Exercise inputs ::
* * * * * * *
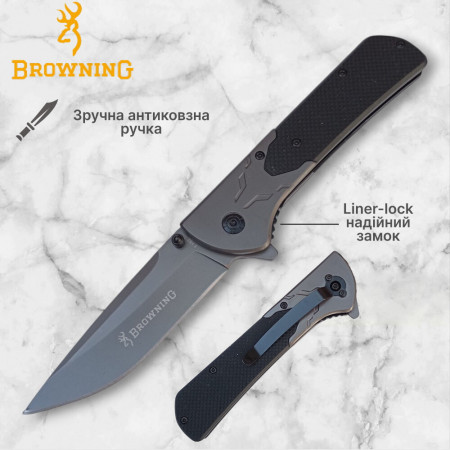 Ніж складний Browning F192, 1111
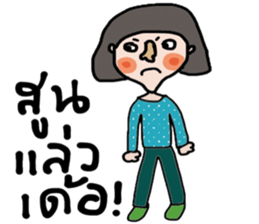 I am Esan : Female sticker #13999344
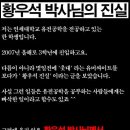 개재천 이미지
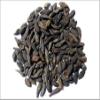 fairdeal Loose Packed Black Karakkaya - Aralu - Inknut - Haritaki - Kadukkai - Harar - Kali Harad - Terminalia Chebula (200g) view 1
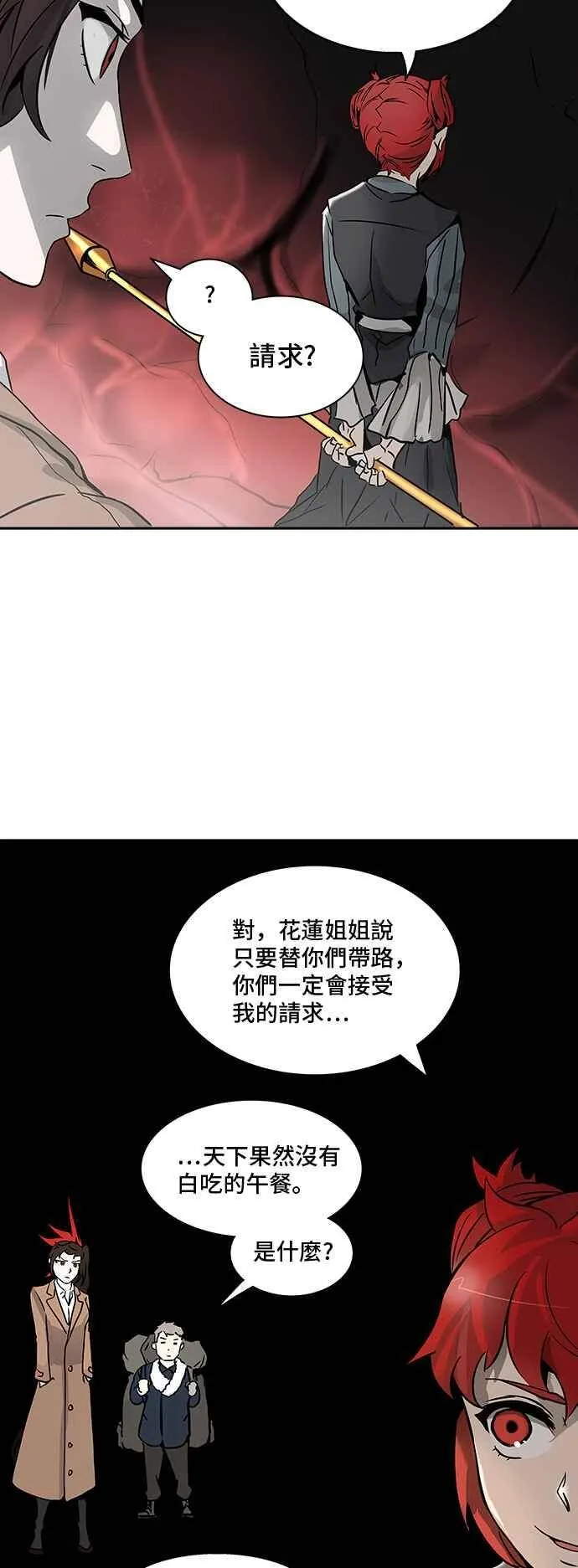 [第2季] 第238话 地狱列车 -死亡之层- 第71页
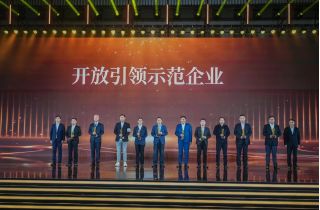 萌恒工貿(mào)榮獲北侖區(qū)開放引領示范企業(yè)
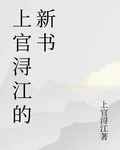 摘星予浮雲 封面
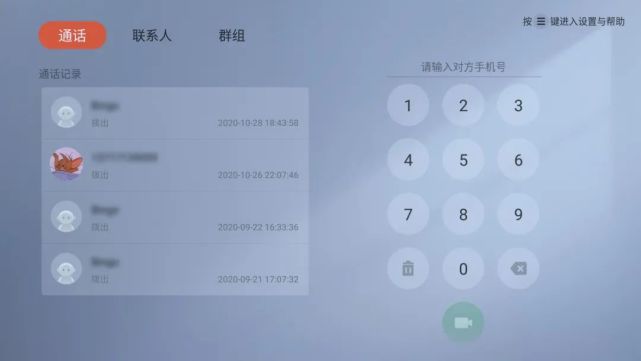 下载手机罗盘_whatsapp怎么下载手机_下载手机铃声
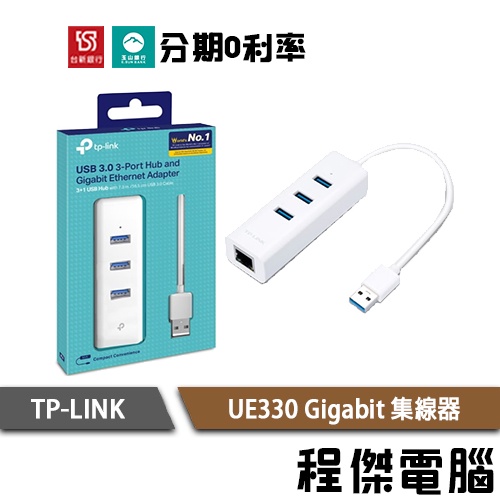 TP-Link 3.0 UE330 Gigabit HUB 外接網路卡集線器 轉接頭 USB網路卡『高雄程傑電腦』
* * * * * * *
Problem details ::
Output an exact copy of the lines from the one with "下载手机罗盘_whatsapp怎么下载手机_下载手机铃声" through the closing line of the records, inclusive, without any images.

Answer space ::
 下载手机罗盘_whatsapp怎么下载手机_下载手机铃声
 TP-Link 3.0 UE330 Gigabit HUB 外接網路卡集線器 轉接頭 USB網路卡『高雄程傑電腦』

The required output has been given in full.